Dodging Fight Over Bruce Babbitt, Clinton Nominates Stephen Breyer
"Orrin, you won this one," Howard Metzenbaum snarled
As we saw in the last post, Justice Harry Blackmun had privately told the White House early in 1994 that he would be retiring, and White House officials had been “assembling the names of possible replacements for months.”
How did Stephen Breyer emerge as Bill Clinton’s nominee to replace Harry Blackmun when he didn’t even appear on the list of names that White House officials circulated to reporters? How did Clinton, having promised to select “someone with a big heart,” settle on a candidate he had assessed to be “heartless”?

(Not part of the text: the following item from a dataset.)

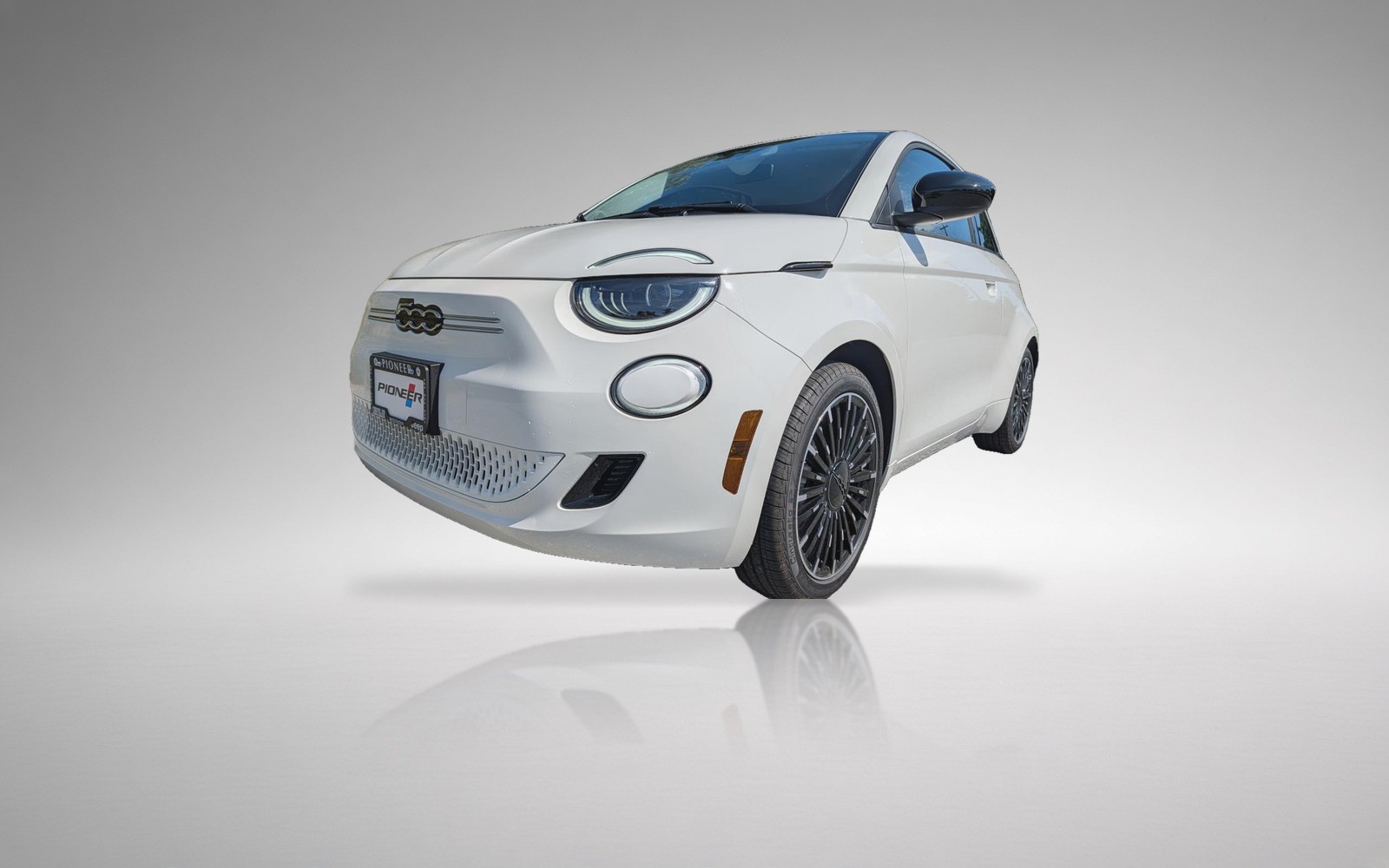 2026 Fiat 500e POP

I don’t claim to be able to provide a comprehensive answer to these questions. But as a staffer to Senator Orrin Hatch, the senior Republican on the Judiciary Committee, I had an interesting window on events. And I was so struck at the time by what happened, and by what I (and others) perceived to be Hatch’s influence on Clinton’s selection, that I immediately recorded my recollections in a memo.

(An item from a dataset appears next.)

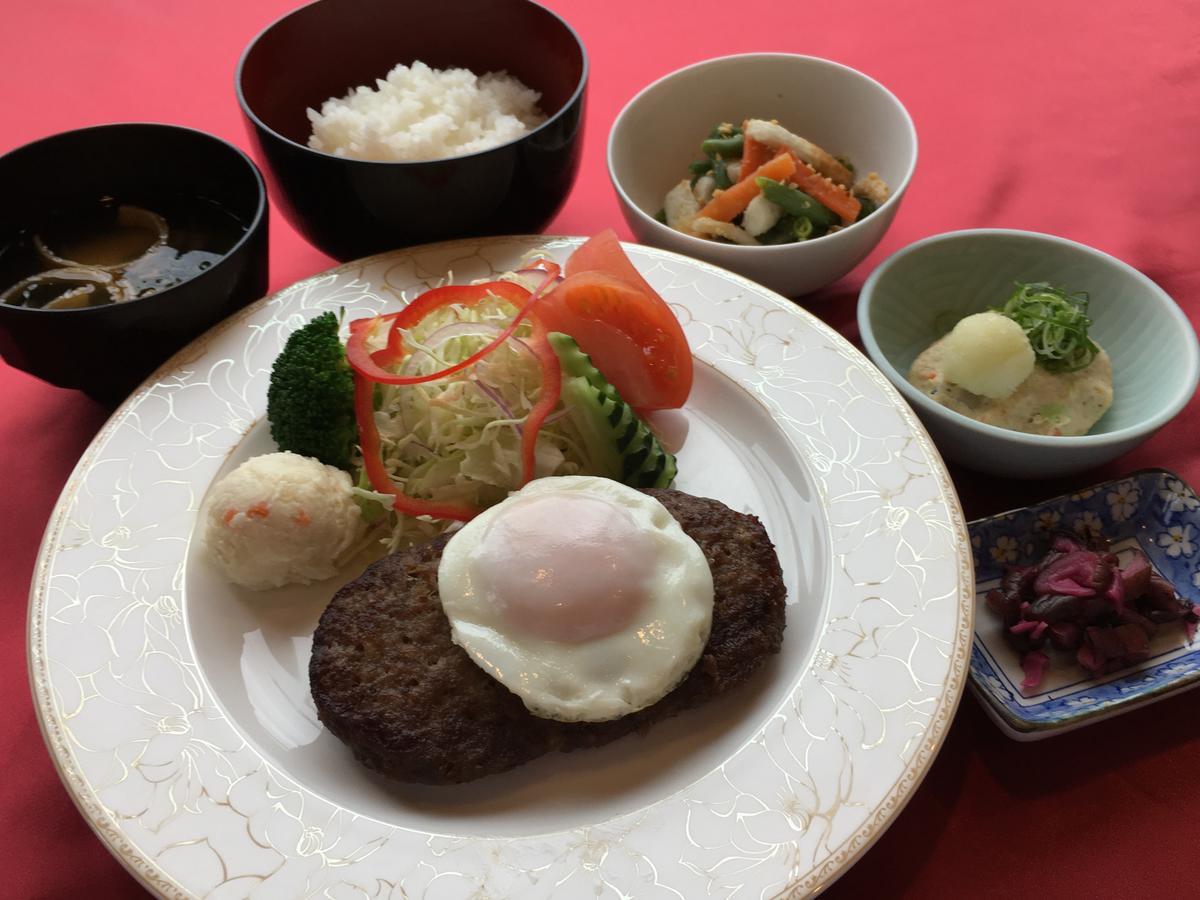 Vilka \u00E4r de b\u00E4sta hotellen i n\u00E4rheten av Hikone Castle? Exteriör bild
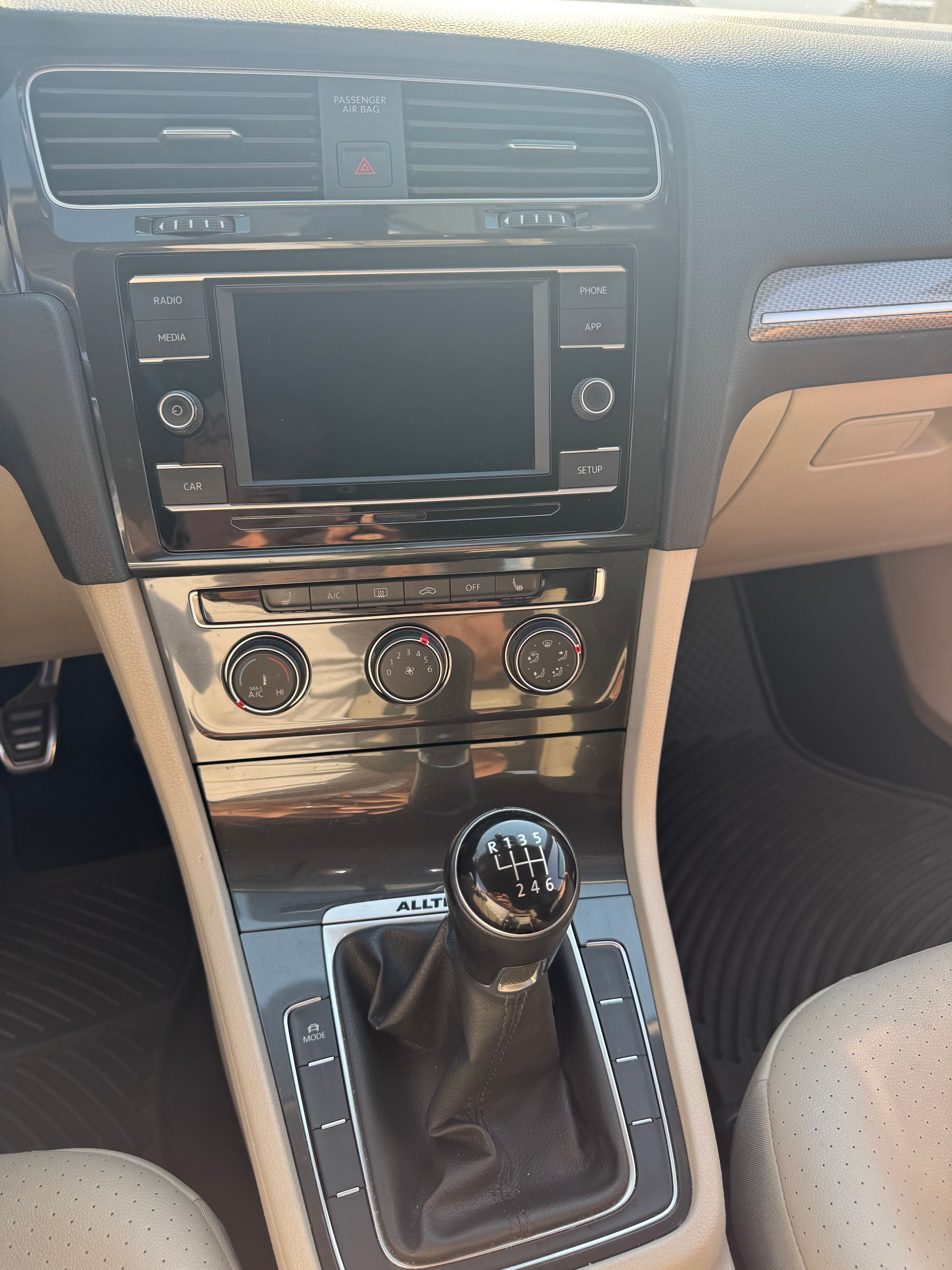 Used 2019 Volkswagen Golf Alltrack S AWD/4WD image 14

Memory is a tricky thing. It’s no surprise that nearly 30 years later I have no recall of some of the minutiae in the memo I wrote on the evening on which Clinton announced that he had picked Breyer. But I am puzzled that my memo makes no mention of one thing that I distinctly remember. (Did I in my haste simply forget to include it? Or am I misremembering?)
Except where otherwise noted, passages in quotes are from my memo.

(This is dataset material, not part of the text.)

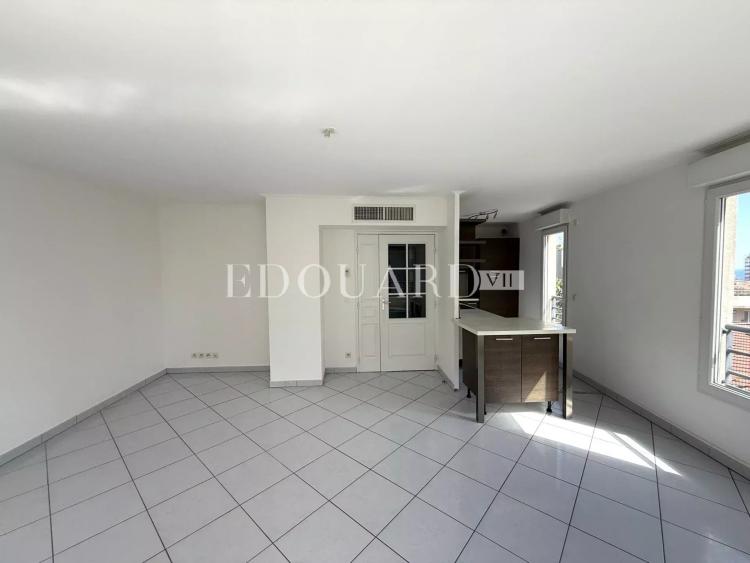 Sur la commune de Beausoleil, beau quatre pièces vide avec terrasse, balcon, cave et double garage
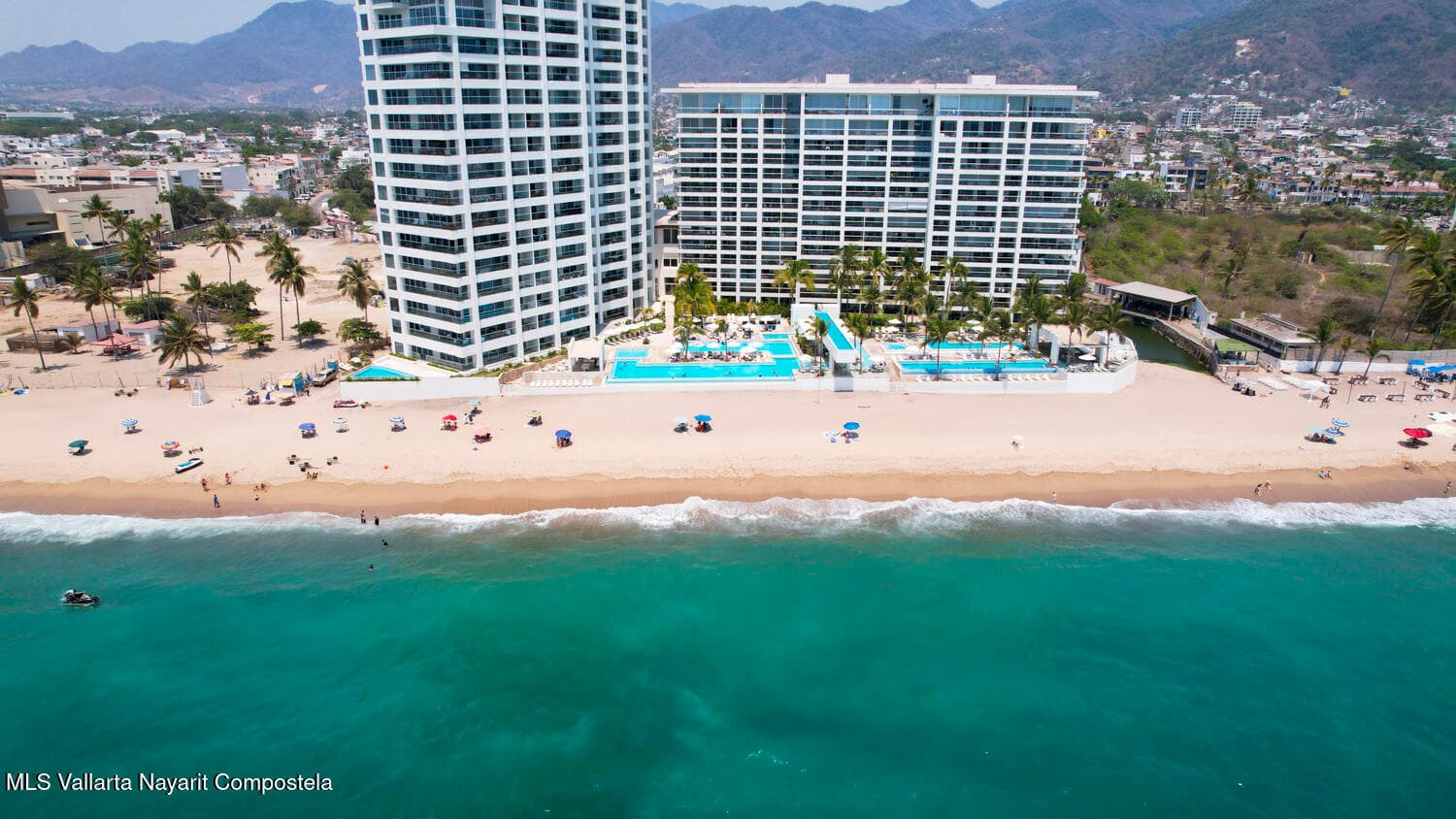 Harbor 171 Ocean front Living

On May 4, 1994, a full four weeks after Blackmun announced his retirement, Clinton still hadn’t made his pick. I heard that day that “word is that the short list is down to four: Babbitt, Arnold, Cabranes, Kearse.” That’s Interior Secretary Bruce Babbitt, Eighth Circuit judge Richard Arnold, federal district judge José Cabranes, and Second Circuit judge Amalya Kearse. No mention of Breyer.
“Presence of Babbitt on list sets off alarm bells.” Hatch had worked hard the year before to make sure that Babbitt wasn’t the nominee. As I’ve explained, Hatch strongly preferred sitting judges who had demonstrated that they understood that judging is a craft distinct from politics. Hatch also recognized that opposition to Babbitt from western landowners and lessees of federal lands would ensure a fight if Clinton nominated Babbitt.
I confirmed with a Wall Street Journal reporter that Babbitt was thought to be on the short list, and I then connected Hatch with the reporter. “Shortly after speaking with [the reporter], Hatch rounds us [staffers] up, says that Babbitt is on short list, expresses intense dislike of Babbitt and what he would do to the Court, and says that we should work vigorously to stop him.”
The Wall Street Journal article the next day (titled “Clinton Has Supreme Court Short List; Judge Arnold of Arkansas Is a Favorite”) discussed the four short-list candidates. The article stated that “Hatch declined yesterday to comment [on the record] on the prospect of a Babbitt nomination, but the Utah lawmaker in the past has made it plain that he and other conservatives would oppose such a move.” That was enough to remind the White House that nominating Babbitt would provoke a fight. The article did not mention Breyer.
Saturday, May 7:
“Hatch calls me at 10 a.m. Tells me confidentially of call from Clinton the evening before. Says Clinton clearly wants to appoint Babbitt, but is also considering Arnold and Breyer. Cabranes and Kearse have fallen low on the list. Hatch emphasizes that we need to stop Babbitt. Not taking mention of Breyer very seriously, I make flurry of calls to signal Hatch’s strong opposition to Babbitt.”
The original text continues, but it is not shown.